Frankfurt (dpa) - Gerade rechtzeitig zur ersten Lesung der Steuerreform versorgt sich Bundesfinanzminister Stoltenberg mit Barem für die Bundeskasse. Der bundeseigene Mischkonzern VIAG AG (Berlin/Bonn) wird voraussichtlich im Mai voll privatisiert. Ein internationales Konsortium von 45 Banken unter Führung der Deutschen Bank soll die restlichen von Bund und Kreditanstalt für Wiederaufbau gehaltenen 60 Prozent am Grundkapital oder nominal 348 Millionen Mark an der Börse streuen. Nach dem derzeitigen Börsenkurs der VIAG– Aktie würde das ein Volumen von 1,4 Milliarden Mark bedeuten - Manna für das Defizit im Bundeshaushalt. Wie F. Wilhelm Christians, Sprecher der Deutschen Bank und Aufsichtsratsvorsitzender der VIAG, am Dienstag in Frankfurt betonte, wurde die Belastungsfähigkeit der deutschen Börse zunächst mit der VW–Plazierung getestet. Nachdem „dieses Wagnis bestanden“ ist, wird die Ausgabe der VIAG–Aktien vorbereitet.
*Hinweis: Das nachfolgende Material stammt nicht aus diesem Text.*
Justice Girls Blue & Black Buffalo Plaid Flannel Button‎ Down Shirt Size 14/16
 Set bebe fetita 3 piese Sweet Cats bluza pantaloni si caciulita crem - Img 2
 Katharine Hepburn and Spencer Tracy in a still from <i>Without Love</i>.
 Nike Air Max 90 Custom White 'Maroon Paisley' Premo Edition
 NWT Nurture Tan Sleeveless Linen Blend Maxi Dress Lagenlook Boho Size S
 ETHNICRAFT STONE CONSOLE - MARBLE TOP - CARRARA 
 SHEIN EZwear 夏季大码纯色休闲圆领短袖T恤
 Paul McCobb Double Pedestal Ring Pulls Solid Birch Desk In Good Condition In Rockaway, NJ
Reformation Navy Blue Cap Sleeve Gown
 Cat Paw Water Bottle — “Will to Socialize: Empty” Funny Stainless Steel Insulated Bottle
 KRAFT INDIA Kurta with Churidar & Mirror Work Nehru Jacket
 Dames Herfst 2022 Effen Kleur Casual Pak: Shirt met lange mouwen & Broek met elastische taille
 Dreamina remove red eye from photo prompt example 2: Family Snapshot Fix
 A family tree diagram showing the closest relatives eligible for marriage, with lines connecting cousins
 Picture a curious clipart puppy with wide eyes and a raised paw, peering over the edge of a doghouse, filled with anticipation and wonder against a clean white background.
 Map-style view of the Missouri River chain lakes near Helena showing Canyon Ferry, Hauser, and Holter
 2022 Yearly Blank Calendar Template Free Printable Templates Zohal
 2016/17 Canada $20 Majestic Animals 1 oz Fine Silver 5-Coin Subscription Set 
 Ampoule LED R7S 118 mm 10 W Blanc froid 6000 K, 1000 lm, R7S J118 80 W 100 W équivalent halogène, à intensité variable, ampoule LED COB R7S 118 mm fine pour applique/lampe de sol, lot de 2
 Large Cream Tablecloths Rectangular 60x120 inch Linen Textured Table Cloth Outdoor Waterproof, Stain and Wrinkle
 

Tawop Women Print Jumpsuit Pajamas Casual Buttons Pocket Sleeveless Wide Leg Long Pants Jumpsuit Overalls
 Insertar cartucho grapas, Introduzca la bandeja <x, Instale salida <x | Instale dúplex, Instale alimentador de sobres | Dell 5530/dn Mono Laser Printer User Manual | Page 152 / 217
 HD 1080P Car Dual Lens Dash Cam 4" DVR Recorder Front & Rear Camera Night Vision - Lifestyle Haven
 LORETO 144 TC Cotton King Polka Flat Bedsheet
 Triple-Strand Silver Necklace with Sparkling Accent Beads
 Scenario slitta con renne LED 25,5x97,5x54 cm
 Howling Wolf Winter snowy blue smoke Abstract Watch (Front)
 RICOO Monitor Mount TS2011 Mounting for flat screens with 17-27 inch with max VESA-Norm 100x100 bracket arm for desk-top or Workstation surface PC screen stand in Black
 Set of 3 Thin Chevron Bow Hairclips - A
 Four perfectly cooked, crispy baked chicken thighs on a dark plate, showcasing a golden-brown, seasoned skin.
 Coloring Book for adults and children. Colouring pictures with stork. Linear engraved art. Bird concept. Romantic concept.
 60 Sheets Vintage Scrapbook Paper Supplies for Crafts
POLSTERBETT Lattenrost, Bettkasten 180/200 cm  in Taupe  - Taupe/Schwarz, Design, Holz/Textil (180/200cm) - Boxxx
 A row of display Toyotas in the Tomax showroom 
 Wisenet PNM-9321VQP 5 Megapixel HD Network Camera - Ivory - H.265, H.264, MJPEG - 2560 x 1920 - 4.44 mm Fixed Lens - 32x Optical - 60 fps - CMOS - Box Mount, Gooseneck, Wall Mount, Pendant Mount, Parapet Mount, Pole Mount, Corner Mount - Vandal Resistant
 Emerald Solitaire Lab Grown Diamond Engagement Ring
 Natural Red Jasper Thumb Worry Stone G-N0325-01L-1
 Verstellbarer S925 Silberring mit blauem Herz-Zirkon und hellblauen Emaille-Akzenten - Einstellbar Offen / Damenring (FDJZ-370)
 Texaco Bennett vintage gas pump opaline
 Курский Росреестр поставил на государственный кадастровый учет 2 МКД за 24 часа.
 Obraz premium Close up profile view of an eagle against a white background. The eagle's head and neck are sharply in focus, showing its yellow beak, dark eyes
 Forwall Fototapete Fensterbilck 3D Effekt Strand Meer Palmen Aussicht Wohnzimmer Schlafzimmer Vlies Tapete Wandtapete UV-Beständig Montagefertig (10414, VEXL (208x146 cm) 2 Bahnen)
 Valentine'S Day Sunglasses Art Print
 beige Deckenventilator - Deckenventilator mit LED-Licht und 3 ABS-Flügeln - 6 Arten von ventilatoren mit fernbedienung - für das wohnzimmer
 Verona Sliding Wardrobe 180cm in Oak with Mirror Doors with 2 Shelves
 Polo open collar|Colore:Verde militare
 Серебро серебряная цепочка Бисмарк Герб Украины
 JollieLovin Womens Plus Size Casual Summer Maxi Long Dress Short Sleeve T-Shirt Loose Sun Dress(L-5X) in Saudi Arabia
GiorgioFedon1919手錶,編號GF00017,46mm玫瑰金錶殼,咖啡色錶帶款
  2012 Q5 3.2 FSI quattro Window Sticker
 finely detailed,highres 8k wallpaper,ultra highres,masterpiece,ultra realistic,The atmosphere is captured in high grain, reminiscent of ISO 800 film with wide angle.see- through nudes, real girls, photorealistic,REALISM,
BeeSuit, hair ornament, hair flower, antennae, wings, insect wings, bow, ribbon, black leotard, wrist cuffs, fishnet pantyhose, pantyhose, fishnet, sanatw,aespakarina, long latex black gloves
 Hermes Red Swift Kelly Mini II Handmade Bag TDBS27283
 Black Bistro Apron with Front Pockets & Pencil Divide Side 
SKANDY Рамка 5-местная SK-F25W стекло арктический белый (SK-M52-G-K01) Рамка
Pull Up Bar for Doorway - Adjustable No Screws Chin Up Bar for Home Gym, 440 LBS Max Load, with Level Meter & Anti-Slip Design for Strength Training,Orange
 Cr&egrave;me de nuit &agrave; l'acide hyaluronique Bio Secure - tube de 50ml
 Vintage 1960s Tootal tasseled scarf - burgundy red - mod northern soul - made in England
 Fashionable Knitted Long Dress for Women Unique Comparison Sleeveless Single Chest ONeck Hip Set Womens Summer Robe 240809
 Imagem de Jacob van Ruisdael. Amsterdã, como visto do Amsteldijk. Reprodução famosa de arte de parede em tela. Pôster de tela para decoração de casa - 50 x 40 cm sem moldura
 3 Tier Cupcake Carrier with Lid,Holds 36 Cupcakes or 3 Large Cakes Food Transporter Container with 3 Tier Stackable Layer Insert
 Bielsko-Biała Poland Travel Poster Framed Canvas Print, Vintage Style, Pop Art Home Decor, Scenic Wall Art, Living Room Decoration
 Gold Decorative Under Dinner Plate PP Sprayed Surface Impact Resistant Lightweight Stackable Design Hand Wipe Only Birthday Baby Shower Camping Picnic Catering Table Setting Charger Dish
Nach der Vorstellung der Unternehmensgruppe entscheidet der Bundesfinanzminister Ende April den Termin der Börseneinführung. Geplant ist die Streuung von 15 Prozent des Kapitals im europäischen Ausland. Bis vor zwei Jahren war die VIAG ein rein staatliches Unternehmen. Im Juni 1986 wurden 40 Prozent des Grundkapitals von 580 Millionen Mark an die Börse gebracht. Das Kapital wird von 200.000 Aktionären gehalten. Damals betrug der Ausgabenpreis 165 Mark. Derzeit liegt der Börsenkurs bei über 200 Mark. Das Jahr 1987 bezeichnete Vorstandsmitglied Rudolf Escherich als „wieder erfolgreich“ für die VIAG–Gruppe. Der Umsatz verringerte sich um 2,7 Prozent auf 8,4 Milliarden Mark. Der Rückgang ist auf Preissenkungen im Gasgeschäft und niedrigere Aluminiumerlöse zurückzuführen. Gut die Hälfte des Umsatzes entfällt auf den Bereich Aluminium, ein Drittel auf Energie und 14 Prozent auf Chemie. Zur VIAG– Gruppe gehören insgesamt 120 Gesellschaften.